Comes with Dawn. In mobile settings you can disable the need for a password on login screen. A swipe up and instead of PIN-page you will be on “desktop”. You can build a settings plugin to expose the mobile-setting to quick-settings.
Bluetooth working with Waydroid.
Your text was so much, that I initially did not read it. But I did it right now.
Squeekboard 1.43 or beyond will add a Shift modifier (coming with Dawn). And Squeekboard has arrows and no auto completions and you can modify it to your behalf or just download my layout (or one of someone else).
Stevia on the other hand has the space bar touch-and-move feature as arrow replacement. It works well to left, right and up, but not well to down (not much space to screen edge). And I updated something on Mobian few days ago and on update I got asked for a keyboard option and I wanted to select something with this feature and accidental selected something wrong, because it hit the space bar at some point. Stevia also has a row with shortcuts and no autocomplete without installing it (I think).
Whatever you like more, but both should be able to solve your requirements.
A newer technology standard. With a lot of innovations and a lot of half true marketing to let it look like a “must have” technology (which is not).
A switch in Phosh to disable cellular data, but not cellular modem. It happens that carrier may provide IPv6 while there is no IPv6 on WiFi. In such cases some connections would unexpectedly go over cellular network. It is inconvenient to go to settings each time for that.
This and a bunch of other things mentioned here are in Phosh since some time so will come automatically once PureOS updates, Dawn will be sufficient for this particular one.
If that’s what you want (never to have autocomplete / suggest / correct) then that’s totally fine
but …
… for the general customer this setting should not be used in the onscreen keyboard itself because the onscreen keyboard has no idea whether “auto” is appropriate in the context. It needs to come from higher up in the software stack down to the onscreen keyboard on each and every activation of the keyboard.
Different applications may have different requirements e.g.
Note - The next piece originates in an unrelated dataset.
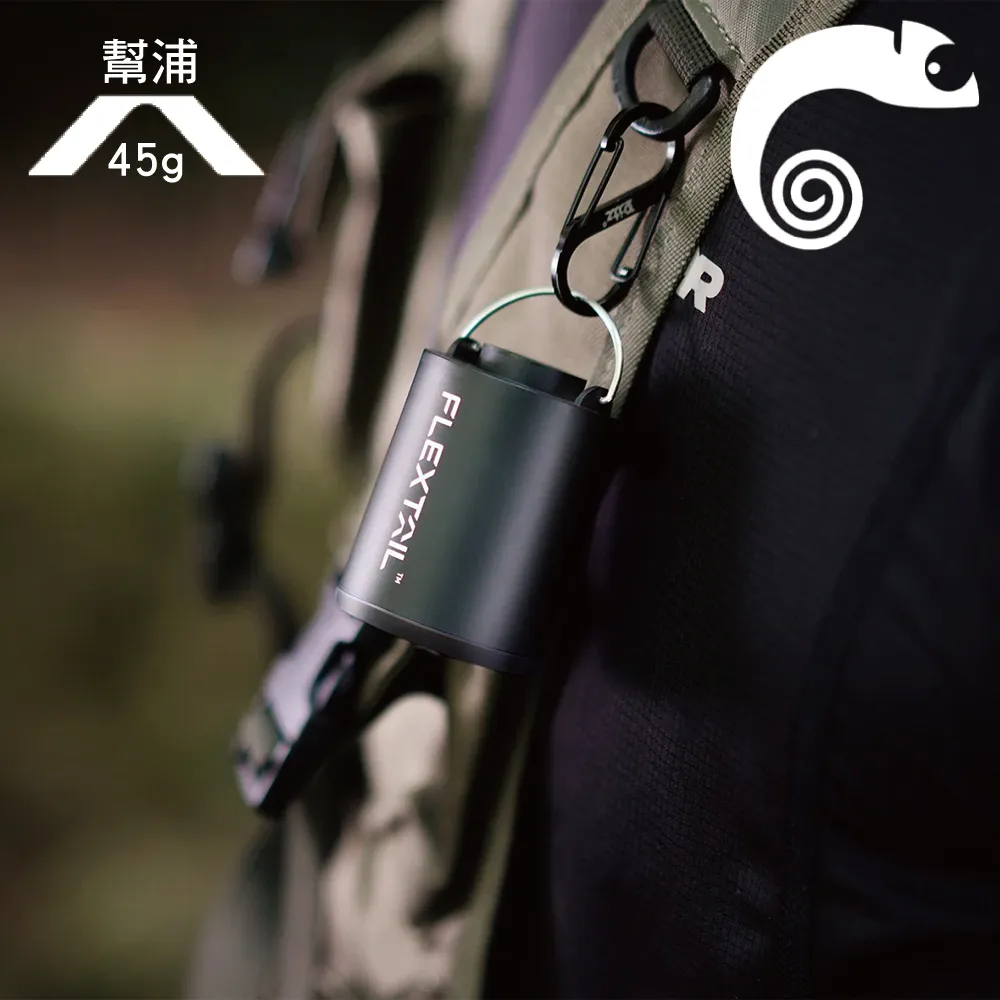 2024 FLEXTAIL Evo pump 3 充氣機 打氣機 充氣幫浦 空氣幫浦 氣動工具 歷史價格詳細信息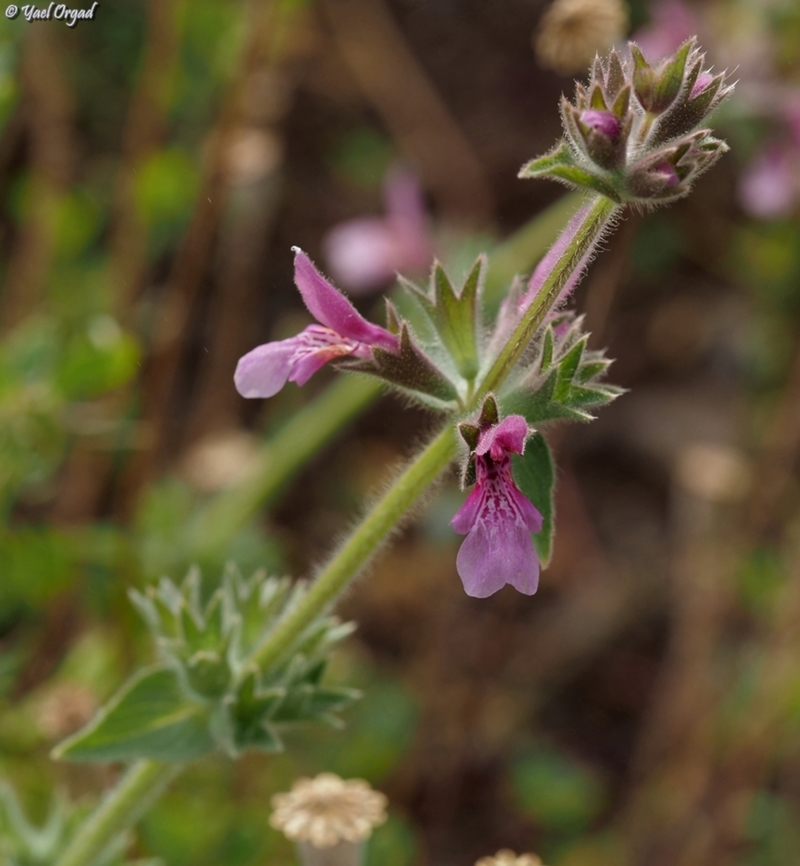Stachys arabica  Geotagged,Israel,Spring,Stachys arabica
Chatty sending a text message (yes) v. shell commands (no).
Even within one application, different contexts may have different requirements.
e.g. within a web browser, some entry fields may benefit from auto while other entry fields will be stuffed up by it. As an example of the latter, entering anything like a strong password, you would not want auto anything.
or e.g. within a text editor (say vi), if creating a miscellaneous text file, it may benefit from auto but if editing a programming language source file, it is doubtful that you want want auto, unless the auto functionality is quite sophisticated so as to understand e.g. the reserved words (keywords) of that programming language, and its syntax, and e.g. to recognise when inside a comment - and usually if you want that level of sophistication, you should be using an IDE.
A customer may be able to nobble auto-anything permanently by nobbling the underlying dictionary.
Regarding the on-screen keyboard, I find wvkbd (the default keyboard with sxmo user interface) to be excellent. I’ve tried to add it to PureOS, but I couldn’t get the compatibility to work. Official help getting wvkbd into PureOS/Phosh would be amazing. Or even better, offering sxmo as an option in PureOS instead of Phosh.